A Modigliani found in the trash?
June 20 2016
Picture: AP
So an antiques dealer finds a Modigliani near a rubbish bin in Rome, and gets the picture approved by a PR firm doubling as the 'Amadeao Modigliani Institute'. What could possibly be curious about that? Nicole Winfield of AP investigates:
It’s a story almost too fantastical to be true: A flea market dealer finds a painting near a subway trash bin, submits it to laboratory analysis and emerges convinced he has a Modigliani on his hands.
No one would believe it, given the modernist master is one of the most sought-after and forged artists around.
But a public relations firm in Rome that doubles as the Amedeo Modigliani Institute is claiming a signed portrait of “Odette” could be a real deal. It’s putting the work on public view next week saying it hopes to start an academic debate on its authenticity.
“I assure you, this isn’t a fake and we are dealing with a discovery,” insisted Luciano Renzi, the institute’s president and head of an eponymous publicity firm. While acknowledging that experts must make such a certification, he said he wouldn’t put it up to critical review “if the institute didn’t firmly believe it.”

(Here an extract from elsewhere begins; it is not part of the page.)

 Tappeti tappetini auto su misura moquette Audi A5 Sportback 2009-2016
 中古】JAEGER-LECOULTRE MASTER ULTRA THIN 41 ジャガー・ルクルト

However, the institute has no role or expertise in authenticating Modigliani works, has a financial interest in drumming up publicity for its exhibit, and even the lab it hired refuses to date the painting.
More here.
Update - a painter writes:
The face of the alleged Modigliani painting looks1960's just as the female faces in Van Meergeren's fake Vermeers look in retrospect like silent film stars. Difficult to spot at the time? Interesting too that the canvas is attached to the stretcher with staples. Staple guns for this purpose seem to have appeared in 1934 at the earliest. Modi died in 1920. He probably couldn't have afforded one anyway.